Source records
= = = = =
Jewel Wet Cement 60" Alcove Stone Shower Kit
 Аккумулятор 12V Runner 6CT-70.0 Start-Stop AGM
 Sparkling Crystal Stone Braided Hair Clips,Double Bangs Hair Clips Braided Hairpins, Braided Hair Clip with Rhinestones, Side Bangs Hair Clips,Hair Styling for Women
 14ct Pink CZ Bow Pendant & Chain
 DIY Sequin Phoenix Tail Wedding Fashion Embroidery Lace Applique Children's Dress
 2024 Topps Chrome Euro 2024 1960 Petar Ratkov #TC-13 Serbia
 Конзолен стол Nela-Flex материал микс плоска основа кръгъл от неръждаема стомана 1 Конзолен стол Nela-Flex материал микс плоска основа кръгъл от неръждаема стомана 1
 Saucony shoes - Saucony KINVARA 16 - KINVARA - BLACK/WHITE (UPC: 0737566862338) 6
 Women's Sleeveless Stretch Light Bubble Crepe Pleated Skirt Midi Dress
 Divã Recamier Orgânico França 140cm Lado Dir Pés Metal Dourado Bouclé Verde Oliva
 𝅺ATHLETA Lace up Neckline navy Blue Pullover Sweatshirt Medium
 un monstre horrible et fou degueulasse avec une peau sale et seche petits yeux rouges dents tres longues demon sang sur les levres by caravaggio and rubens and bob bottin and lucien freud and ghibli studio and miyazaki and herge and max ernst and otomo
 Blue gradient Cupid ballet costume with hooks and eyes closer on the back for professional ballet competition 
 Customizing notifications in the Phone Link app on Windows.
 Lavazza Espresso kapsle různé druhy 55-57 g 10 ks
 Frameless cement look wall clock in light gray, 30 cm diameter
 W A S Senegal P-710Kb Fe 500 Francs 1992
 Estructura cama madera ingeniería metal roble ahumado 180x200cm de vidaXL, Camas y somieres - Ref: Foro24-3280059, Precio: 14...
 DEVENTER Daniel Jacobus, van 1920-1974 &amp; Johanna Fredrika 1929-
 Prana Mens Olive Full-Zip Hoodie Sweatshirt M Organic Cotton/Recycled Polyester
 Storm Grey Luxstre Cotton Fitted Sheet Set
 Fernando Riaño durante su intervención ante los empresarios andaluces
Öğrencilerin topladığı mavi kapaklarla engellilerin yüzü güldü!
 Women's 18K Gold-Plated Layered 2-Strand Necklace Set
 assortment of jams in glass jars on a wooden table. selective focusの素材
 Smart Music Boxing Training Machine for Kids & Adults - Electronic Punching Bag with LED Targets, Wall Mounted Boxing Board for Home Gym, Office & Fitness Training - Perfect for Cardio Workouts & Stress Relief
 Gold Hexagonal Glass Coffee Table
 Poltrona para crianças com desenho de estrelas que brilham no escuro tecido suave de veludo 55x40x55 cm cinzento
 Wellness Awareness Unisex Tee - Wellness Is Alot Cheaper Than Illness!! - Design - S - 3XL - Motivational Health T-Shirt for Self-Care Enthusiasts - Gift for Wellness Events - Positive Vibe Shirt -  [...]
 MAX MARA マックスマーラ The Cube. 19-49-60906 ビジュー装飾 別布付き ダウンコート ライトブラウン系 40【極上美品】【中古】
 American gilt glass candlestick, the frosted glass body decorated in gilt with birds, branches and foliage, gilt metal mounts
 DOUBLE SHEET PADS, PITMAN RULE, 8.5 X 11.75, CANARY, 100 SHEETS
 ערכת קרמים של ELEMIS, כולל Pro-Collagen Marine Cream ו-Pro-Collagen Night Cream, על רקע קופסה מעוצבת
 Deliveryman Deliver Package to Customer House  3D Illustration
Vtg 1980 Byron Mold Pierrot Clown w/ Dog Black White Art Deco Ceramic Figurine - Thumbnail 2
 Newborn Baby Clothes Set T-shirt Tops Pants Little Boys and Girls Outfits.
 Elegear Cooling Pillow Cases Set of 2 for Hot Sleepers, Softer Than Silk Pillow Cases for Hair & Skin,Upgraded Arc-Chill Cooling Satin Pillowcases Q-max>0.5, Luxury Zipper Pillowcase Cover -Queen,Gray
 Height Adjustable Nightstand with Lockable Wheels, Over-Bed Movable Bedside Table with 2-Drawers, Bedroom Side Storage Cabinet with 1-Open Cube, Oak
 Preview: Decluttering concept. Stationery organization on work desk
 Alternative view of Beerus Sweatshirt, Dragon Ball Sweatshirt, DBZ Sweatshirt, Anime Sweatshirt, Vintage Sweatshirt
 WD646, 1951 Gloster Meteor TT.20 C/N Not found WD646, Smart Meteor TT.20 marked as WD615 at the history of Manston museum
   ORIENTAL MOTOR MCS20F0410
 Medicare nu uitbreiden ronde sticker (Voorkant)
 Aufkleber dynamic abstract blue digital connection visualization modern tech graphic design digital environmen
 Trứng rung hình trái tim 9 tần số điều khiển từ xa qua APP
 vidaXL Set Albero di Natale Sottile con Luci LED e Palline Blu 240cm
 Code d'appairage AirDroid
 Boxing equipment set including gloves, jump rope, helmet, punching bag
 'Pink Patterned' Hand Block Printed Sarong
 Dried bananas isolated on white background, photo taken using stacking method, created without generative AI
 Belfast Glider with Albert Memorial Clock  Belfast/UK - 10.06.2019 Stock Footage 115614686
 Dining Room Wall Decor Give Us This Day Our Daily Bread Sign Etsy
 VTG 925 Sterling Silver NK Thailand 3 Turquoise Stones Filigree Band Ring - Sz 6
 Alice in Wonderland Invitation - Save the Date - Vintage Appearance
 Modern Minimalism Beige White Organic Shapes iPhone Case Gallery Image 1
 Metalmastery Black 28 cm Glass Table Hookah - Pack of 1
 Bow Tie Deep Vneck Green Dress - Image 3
= = = = =
Exercise requirements
Going through the records above, count the lines that hold "Dress" and answer with the count alone.

Solution below
3